Tous les arts vrais sont expressifs, mais ils le sont diversement. Prenez la musique ; c’est l’art sans contredit le plus pénétrant, le plus profond, le plus intime. Il y a physiquement et moralement entre un son et l’ame un rapport merveilleux. Il semble que l’ame est un écho où le son prend une puissance nouvelle. On raconte de la musique ancienne des choses extraordinaires, qu’il n’est pas difficile d’admettre en voyant les effets de notre musique sur nous-mêmes, qui ne sommes point aussi sensibles au beau que les anciens. Et il ne faut pas croire que la grandeur des effets suppose ici des moyens très compliqués. Non, moins la musique fait de bruit, et plus elle touche. Donnez quelques notes à Pergolèse, donnez-lui surtout quelques voix pures et suaves, et il vous ravit jusqu’au ciel, il vous emporte dans les espaces de l’infini, il vous plonge dans d’ineffables rêveries.

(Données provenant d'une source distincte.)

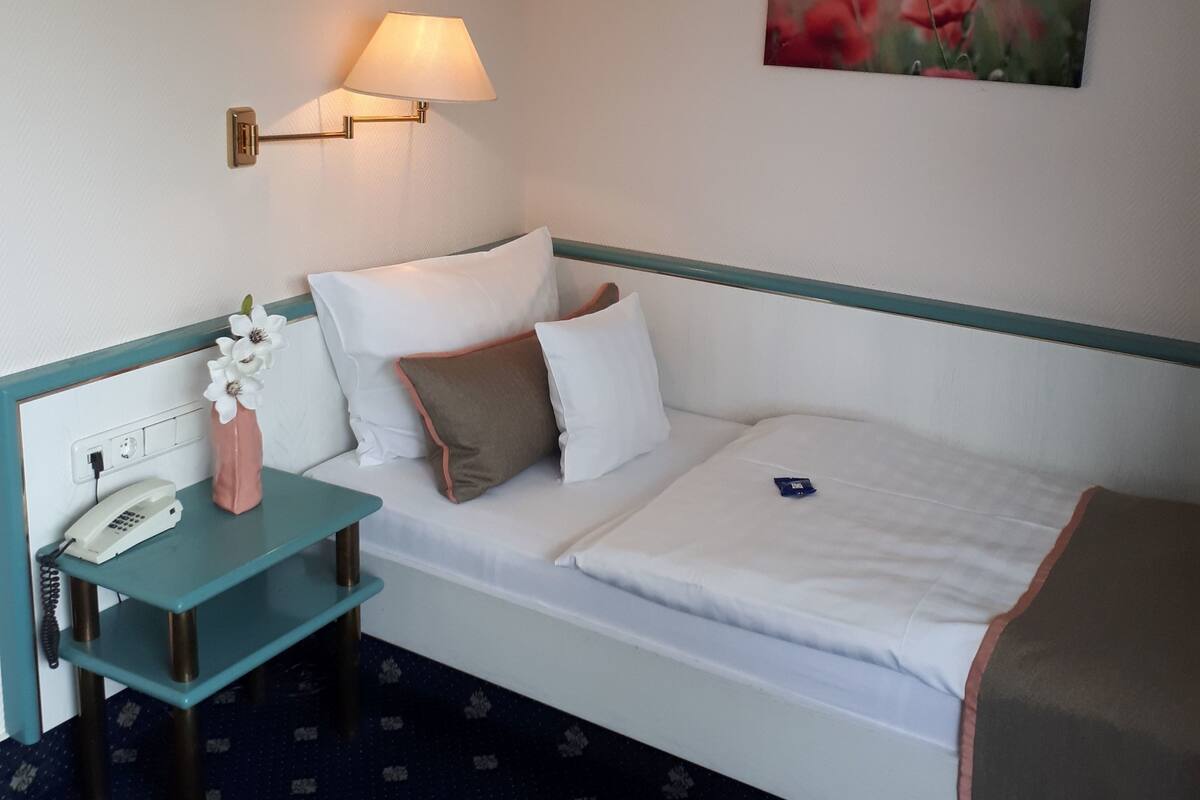 Una habitación de hotel con una cama, una mesita de noche con lámpara, un teléfono y un cuadro en la pared.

Le pouvoir propre de la musique est d’ouvrir à l’imagination une carrière sans limites, de se prêter avec une souplesse étonnante à toutes les dispositions de chacun, d’irriter ou de bercer, aux sons de la plus simple mélodie, nos sentimens accoutumés, nos affections favorites. Sous ce rapport, la musique est un art sans rival ; elle n’est pourtant pas le premier des arts.

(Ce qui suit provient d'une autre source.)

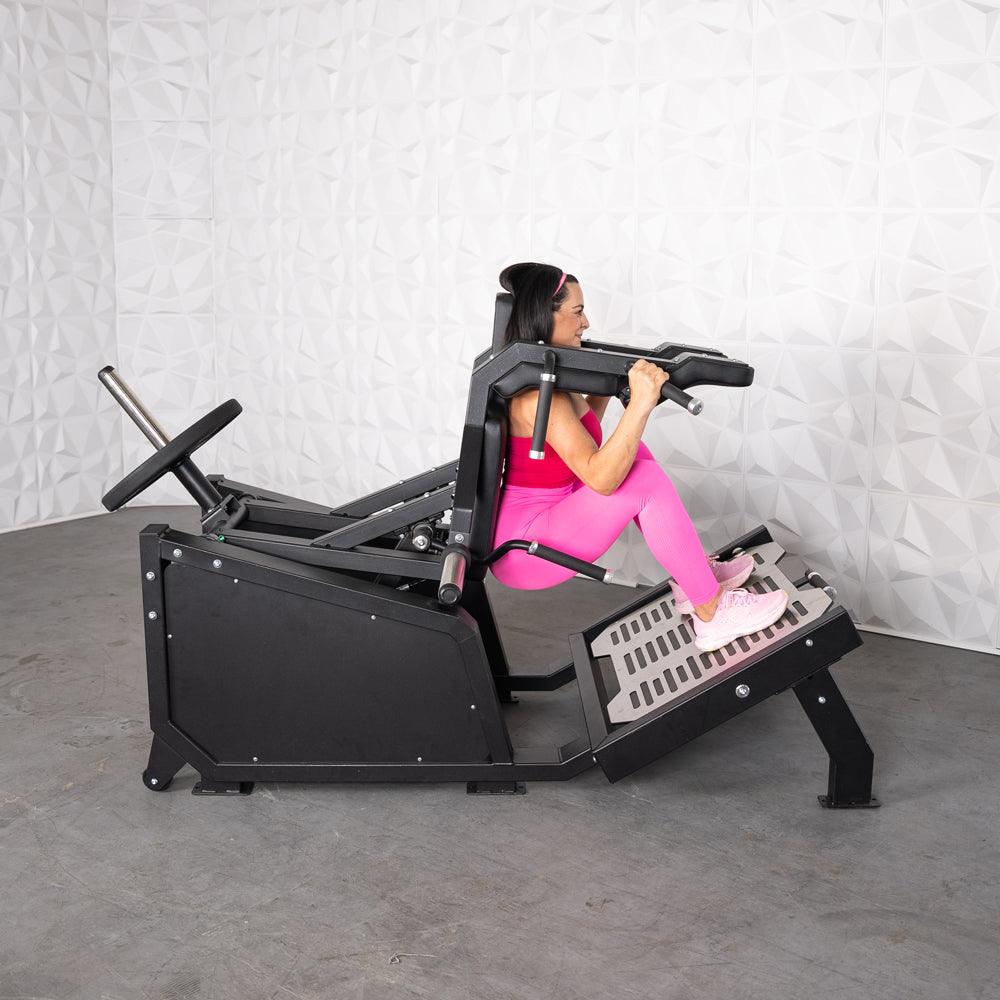 Woman in pink using a black plate-loaded hack squat machine with plate storage pegs.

La musique paie la rançon du pouvoir immense qui lui a été donné ; elle éveille plus que tout autre le sentiment de l’infini, parce qu’elle est vague, obscure, indéterminée dans ses effets. Elle est juste l’art opposé à la sculpture, qui porte moins vers l’infini parce que tout en elle est arrêté avec la dernière précision. Telle est la force et en même temps la faiblesse de la musique : elle exprime tout, et elle n’exprime rien en particulier. La sculpture, au contraire, ne fait guère rêver, car elle représente nettement telle chose et non pas telle autre. La musique ne peint pas, elle touche ; elle met en mouvement l’imagination, non celle qui reproduit des images, mais celle qui fait battre le cœur, car il est absurde de borner l’imagination à l’empire des images. Le cœur une fois ému ébranle tout le reste : c’est ainsi que la musique peut indirectement et jusqu’à un certain point susciter des images et des idées ; mais sa puissance directe et naturelle n’est ni sur l’imagination représentative, ni sur l’intelligence : elle est sur le cœur ; c’est un assez bel avantage.

Le domaine de la musique est le sentiment, mais là même son pouvoir est plus profond qu’étendu, et si elle exprime certains sentimens avec une force incomparable, elle n’en exprime qu’un très petit nombre.